What’s in a name? For the Blugold bird mascot, a lot.
Naming the Blugold bird is one of the final steps as the Student Senate Mascot Committee nears the end of its mascot-related planning and decision-making.
Aside from choosing a name, Student Senate Vice President Patrick Martin said the mascot
costume needs to be created and stored, the code of conduct for the mascot needs to be finalized, and the students inside the costume need to be selected and trained.
Martin estimates these final steps will be wrapped up around the end of this semester and the Blugold mascot will finally grace campus early next semester.
“We’re just about to the finish line with it, then we’ll hopefully have him out on the fields and across campus getting kids riled up,” Martin said.
The process has been a long one, and one that Martin said has been talked about since the university’s founding. But the idea of a Blugold mascot resurfaced energetically in 2007, when now-senior Casey Driscoll took initiative on his own with “Momentum Mondays.”
Driscoll, dressed in a Blugold costume he designed and created himself, stood at the base of Garfield Avenue hill and high-fived students living in the dorms as they descended the hill for their Monday morning classes.
Driscoll said he was active as the Blugold bird for most of 2007 and 2008. Back then, the bird did have a name, of Driscoll’s own creation: Chipp E. Wa. “His middle name was Excellence,” Driscoll said.
“It was a creative outlet for me,” Driscoll said of his mascot undertaking. “A few friends dared me that it couldn’t be done, and I just thought there was no good reason why we didn’t have one, so I wanted to make one.
“At first it was just about having fun, to be creative and raise school spirit, but then things started to get more real.
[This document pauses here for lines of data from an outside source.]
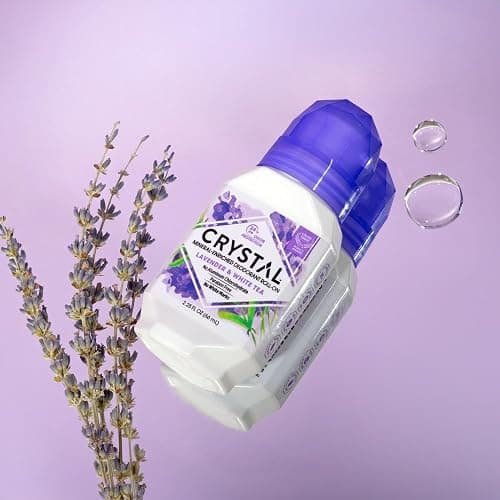 Crystal Mineral Deodorant Roll-On, Lavender & White Tea, Purple, 2.25 Fl Oz thumbnail 5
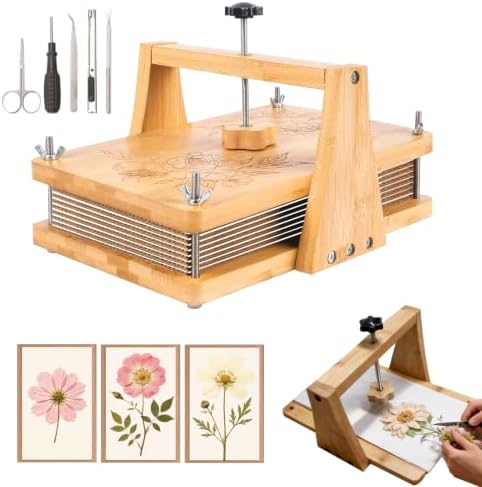 DecorYc 11"x7" Large Wooden Flower Press, DIY Pressed Flower Craft Kit by DecorYc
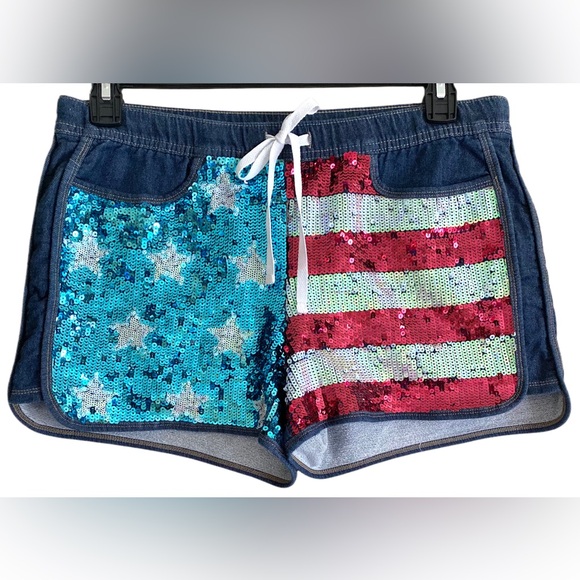 Juicy Couture Pants - JUICY COUTURE American Flag Sequins Patriotic July 4th Bling Denim Shorts Size L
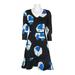 Taylor V-Neck Long Sleeve A-Line Zipper Back Flutter Multi Print Stretch Crepe Dress-BLACK COBALT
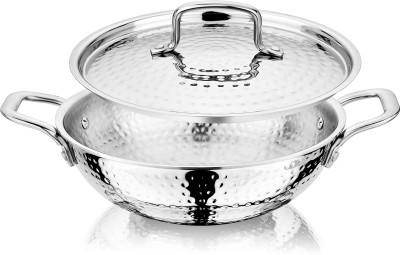 NIRLON Hammered Triply Stainless Steel Deep Kadai /Stainless Steel Lid 20cm Kadhai 20 cm diameter with Lid 1.5 L capacity(Triply, Non-stick, Induction Bottom)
People started writing legislation, they wanted a real bird, they wanted to look into it,” Driscoll said.
Driscoll said he has officially retired from being the unofficial mascot and is letting Student Senate take over the project.
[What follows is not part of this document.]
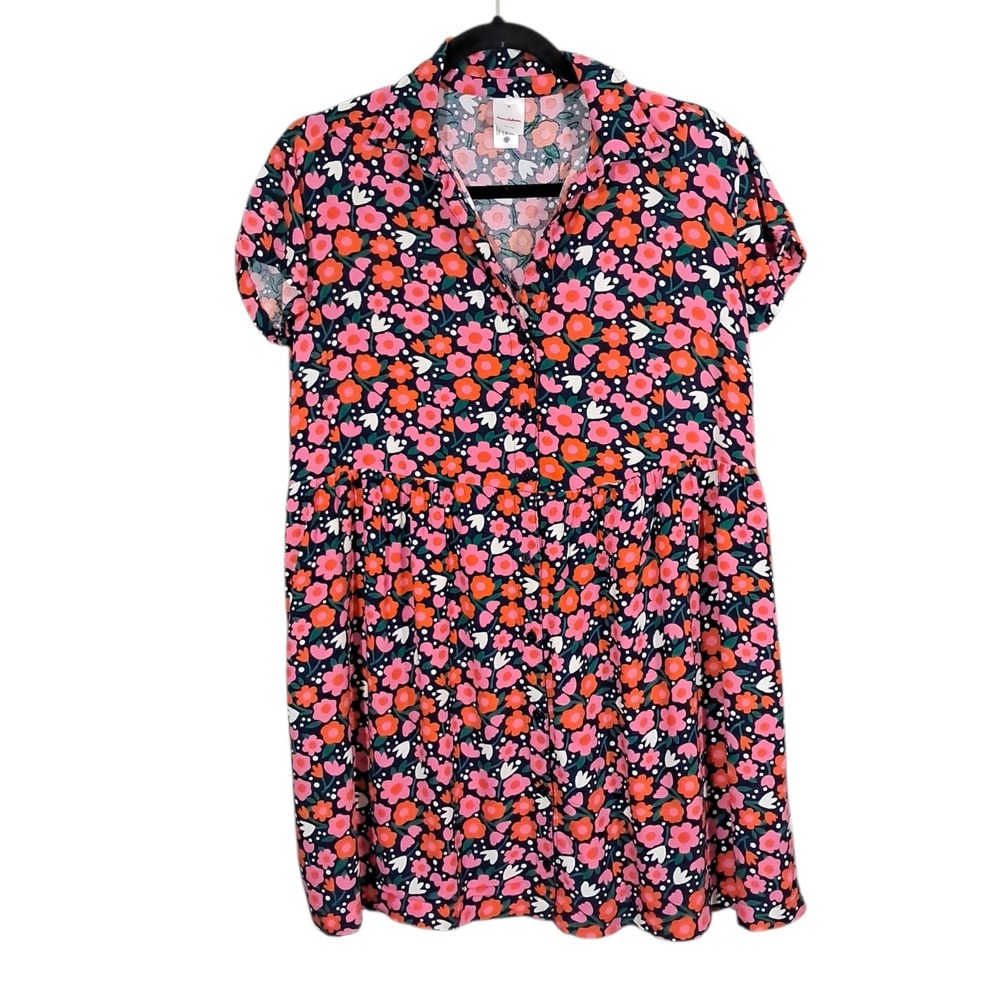 Hanna Anderson Vibrant Floral Dress Womens XS Pockets‎ Swing Mini Button Down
“His version was there at the bottom of the hill getting freshman and the folks in the dorms out and excited,” Martin said. “And the student senate leadership (at the time) thought, ‘Boy, wouldn’t that be a cool deal to have a mascot initiative be on the forefront of what we’re doing?’ It has been tried time and time again back to the university founding, and it seemed like the environment was right to get that finally through.”
Last year’s Student Senate leaders, Phil Rynish and Mark Morgan, assembled the Mascot Committee. The process began first with voting on what a Blugold is, then what it looks like, and now what its name will be.
Martin and the Mascot Committee released a campus-wide call for submission emails last Wednesday, with entries due Monday. After receiving about 200 suggestions, Martin pared down the list to eliminate repeated names. Then the committee narrowed it down to the five names on which students will vote.
“(The list) unfortunately does not include some of the more funny and bizarre suggestions like Bill Cosby and various Pokémon names,” Martin said, “But we appreciated those submissions just the same.”
An email with the five names to choose from will be sent out to the student body early next week, Martin said. The committee hopes to have the name finalized by the end of next week.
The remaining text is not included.